If you are like the majority of people, you don't have a 100 percent perfect credit score. In fact, you may even have some unfavorable items on your report that are causing you to have problems getting the things that you need and desire. Perhaps you're curious about how long such items will stay on your report. The following is a list of some of the most common credit report issues and an estimation of the time that you may have to struggle with them.

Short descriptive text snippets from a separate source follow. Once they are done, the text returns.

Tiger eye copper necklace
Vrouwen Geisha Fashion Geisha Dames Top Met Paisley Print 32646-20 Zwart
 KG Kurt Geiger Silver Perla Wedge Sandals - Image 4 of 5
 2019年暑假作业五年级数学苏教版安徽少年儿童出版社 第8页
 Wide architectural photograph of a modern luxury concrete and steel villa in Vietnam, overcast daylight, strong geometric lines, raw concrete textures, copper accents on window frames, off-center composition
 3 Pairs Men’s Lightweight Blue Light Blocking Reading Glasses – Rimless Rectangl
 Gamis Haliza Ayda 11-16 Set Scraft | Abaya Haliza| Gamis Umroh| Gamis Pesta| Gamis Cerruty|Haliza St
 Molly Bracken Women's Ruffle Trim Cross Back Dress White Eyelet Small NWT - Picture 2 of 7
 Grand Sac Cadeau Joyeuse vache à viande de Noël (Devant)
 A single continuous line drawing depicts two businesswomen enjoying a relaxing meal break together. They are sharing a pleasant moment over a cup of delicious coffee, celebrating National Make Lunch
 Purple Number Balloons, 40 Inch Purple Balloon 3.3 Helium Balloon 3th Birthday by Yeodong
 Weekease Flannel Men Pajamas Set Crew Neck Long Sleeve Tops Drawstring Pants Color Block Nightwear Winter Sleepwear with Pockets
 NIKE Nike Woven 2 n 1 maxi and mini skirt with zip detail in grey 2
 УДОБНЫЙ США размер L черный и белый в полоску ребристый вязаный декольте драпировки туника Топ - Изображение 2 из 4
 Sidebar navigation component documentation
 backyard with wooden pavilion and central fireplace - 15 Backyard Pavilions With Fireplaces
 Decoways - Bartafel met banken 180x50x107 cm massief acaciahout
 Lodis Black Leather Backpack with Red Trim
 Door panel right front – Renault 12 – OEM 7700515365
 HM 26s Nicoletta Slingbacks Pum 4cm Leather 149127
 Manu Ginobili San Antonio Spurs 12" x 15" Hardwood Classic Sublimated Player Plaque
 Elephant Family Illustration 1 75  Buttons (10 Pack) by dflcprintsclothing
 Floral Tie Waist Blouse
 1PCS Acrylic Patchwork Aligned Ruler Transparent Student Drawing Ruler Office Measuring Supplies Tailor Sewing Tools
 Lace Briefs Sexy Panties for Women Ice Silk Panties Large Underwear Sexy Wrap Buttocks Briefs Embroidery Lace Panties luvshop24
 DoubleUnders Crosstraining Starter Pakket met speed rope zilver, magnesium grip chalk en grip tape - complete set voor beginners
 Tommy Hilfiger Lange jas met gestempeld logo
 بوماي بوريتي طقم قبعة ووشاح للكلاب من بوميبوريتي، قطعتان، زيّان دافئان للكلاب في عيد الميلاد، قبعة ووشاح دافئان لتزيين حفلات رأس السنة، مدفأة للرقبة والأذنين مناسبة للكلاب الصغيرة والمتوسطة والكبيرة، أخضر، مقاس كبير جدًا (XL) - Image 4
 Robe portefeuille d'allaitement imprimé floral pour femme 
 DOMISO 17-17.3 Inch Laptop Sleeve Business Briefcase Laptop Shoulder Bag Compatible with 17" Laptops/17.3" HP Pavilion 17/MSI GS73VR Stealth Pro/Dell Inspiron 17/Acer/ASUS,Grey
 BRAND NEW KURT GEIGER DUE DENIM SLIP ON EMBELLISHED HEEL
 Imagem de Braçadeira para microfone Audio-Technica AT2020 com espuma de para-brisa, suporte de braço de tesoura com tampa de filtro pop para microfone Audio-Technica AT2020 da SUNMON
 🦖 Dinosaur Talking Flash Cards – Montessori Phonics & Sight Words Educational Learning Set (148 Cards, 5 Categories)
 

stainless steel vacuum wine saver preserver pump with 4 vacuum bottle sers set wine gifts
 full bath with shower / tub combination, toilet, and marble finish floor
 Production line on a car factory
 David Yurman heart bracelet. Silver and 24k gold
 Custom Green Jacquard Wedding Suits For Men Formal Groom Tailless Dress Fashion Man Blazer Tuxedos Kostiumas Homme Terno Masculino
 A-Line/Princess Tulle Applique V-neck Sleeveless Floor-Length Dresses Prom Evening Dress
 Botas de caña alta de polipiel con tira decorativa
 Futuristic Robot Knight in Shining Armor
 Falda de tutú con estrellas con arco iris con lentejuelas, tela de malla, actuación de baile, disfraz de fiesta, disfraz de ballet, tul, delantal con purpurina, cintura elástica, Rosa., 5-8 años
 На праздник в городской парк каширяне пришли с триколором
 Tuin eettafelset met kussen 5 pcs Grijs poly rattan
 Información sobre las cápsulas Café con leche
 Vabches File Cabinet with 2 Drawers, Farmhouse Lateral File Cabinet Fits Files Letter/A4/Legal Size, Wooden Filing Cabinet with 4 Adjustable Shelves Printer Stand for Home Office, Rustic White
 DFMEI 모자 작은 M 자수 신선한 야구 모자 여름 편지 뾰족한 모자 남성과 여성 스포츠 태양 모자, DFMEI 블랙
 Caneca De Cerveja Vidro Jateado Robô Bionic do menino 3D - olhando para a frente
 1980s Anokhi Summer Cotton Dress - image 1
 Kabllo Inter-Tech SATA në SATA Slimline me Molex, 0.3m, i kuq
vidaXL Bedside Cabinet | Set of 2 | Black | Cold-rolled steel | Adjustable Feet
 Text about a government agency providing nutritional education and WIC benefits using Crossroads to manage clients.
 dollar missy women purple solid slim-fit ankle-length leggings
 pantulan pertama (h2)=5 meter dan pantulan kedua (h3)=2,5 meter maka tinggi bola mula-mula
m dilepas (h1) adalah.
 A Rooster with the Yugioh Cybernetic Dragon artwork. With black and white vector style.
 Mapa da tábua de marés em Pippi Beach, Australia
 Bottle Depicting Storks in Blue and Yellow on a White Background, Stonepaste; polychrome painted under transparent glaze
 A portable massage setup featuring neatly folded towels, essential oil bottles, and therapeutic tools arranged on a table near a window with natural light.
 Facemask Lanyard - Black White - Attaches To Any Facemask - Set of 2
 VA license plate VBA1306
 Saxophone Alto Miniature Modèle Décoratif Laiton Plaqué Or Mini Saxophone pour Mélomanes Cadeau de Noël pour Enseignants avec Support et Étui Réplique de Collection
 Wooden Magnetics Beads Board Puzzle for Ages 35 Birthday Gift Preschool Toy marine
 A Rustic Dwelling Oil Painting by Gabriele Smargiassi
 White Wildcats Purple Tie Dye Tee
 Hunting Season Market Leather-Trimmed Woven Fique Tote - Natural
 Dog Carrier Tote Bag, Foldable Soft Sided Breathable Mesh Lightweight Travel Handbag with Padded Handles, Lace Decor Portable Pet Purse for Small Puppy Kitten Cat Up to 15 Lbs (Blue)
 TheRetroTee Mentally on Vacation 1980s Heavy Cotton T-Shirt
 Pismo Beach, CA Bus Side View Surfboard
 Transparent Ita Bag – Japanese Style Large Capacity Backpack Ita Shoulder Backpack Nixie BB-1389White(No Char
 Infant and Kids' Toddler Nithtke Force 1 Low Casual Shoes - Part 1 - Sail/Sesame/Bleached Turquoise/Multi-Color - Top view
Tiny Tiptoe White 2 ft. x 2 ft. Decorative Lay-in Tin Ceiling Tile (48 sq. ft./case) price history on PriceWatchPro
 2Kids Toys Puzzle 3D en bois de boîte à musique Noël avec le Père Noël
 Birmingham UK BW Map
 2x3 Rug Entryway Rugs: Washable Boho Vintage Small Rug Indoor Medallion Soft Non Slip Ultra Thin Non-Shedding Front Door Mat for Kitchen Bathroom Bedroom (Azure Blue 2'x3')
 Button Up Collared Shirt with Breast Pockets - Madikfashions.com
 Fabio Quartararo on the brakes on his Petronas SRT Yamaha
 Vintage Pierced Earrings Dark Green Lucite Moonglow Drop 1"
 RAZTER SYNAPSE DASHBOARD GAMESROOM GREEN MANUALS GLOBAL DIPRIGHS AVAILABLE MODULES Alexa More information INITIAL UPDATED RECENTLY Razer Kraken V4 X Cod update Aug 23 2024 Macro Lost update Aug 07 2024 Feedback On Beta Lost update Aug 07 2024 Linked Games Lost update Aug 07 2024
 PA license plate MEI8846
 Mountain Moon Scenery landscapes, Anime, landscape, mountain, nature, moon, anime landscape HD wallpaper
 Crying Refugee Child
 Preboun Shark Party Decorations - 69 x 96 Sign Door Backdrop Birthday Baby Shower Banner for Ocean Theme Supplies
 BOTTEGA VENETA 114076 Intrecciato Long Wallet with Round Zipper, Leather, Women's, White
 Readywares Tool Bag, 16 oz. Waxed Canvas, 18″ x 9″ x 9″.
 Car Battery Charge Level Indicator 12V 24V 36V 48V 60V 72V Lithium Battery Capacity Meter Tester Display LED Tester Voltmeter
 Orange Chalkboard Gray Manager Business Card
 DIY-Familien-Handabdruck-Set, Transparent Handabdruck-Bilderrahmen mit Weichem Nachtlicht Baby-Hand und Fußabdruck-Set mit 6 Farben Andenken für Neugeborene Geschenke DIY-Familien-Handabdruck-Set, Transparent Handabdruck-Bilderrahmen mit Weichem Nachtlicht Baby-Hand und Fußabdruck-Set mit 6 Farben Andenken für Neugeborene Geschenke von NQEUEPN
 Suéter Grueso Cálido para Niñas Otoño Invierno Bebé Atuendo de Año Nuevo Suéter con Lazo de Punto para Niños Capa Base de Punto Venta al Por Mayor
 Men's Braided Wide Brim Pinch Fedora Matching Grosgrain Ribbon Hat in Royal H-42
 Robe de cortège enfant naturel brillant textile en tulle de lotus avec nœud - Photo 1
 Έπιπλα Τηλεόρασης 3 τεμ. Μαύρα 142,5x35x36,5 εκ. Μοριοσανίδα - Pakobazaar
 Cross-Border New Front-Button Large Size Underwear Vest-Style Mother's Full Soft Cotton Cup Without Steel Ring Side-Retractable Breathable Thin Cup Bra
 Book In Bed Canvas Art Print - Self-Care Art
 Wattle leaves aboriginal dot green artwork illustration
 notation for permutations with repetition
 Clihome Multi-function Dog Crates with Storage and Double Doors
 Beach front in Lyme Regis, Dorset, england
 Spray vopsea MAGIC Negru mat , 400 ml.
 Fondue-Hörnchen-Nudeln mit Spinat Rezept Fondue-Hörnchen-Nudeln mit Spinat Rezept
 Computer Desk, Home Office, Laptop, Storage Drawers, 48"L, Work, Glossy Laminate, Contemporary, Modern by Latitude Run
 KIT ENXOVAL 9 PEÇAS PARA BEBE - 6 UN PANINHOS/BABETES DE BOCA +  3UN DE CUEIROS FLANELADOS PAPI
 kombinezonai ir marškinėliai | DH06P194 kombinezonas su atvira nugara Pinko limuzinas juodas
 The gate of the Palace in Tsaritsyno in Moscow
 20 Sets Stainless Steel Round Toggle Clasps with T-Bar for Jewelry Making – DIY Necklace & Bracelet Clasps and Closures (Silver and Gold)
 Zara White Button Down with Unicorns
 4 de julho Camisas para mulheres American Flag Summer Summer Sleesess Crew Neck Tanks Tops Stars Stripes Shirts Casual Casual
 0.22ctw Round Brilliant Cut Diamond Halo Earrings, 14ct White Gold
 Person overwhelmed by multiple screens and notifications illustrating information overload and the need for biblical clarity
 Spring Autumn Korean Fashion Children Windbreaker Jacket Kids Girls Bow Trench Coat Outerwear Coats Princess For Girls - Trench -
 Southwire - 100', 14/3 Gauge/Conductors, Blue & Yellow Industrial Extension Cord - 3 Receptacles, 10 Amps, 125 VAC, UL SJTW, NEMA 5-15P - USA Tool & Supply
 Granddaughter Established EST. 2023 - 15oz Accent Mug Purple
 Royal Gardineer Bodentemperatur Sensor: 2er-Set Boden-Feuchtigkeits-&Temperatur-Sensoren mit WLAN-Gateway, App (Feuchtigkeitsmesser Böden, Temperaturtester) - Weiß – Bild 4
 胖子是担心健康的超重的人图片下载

Hard and Soft Inquiry Credit Report Life
Inquiry is a nice term that means the same thing as a credit report pull. Every time someone accesses your credit report for any reason, that person conducts an inquiry. Examples of times when your credit report gets pulled are for credit card applications, jobs, apartment rentals, financial products and the like. Inquiries are some of the most overlooked causes of credit report damage that exist. They can drag your credit score down slowly if you accumulate them unwisely. Many consumers don't realize that they can lose as much as one point from their score when they make such inquiries, but it's true. Additionally, racking up too many inquiries can cause creditors to view you as either desperate or troubled.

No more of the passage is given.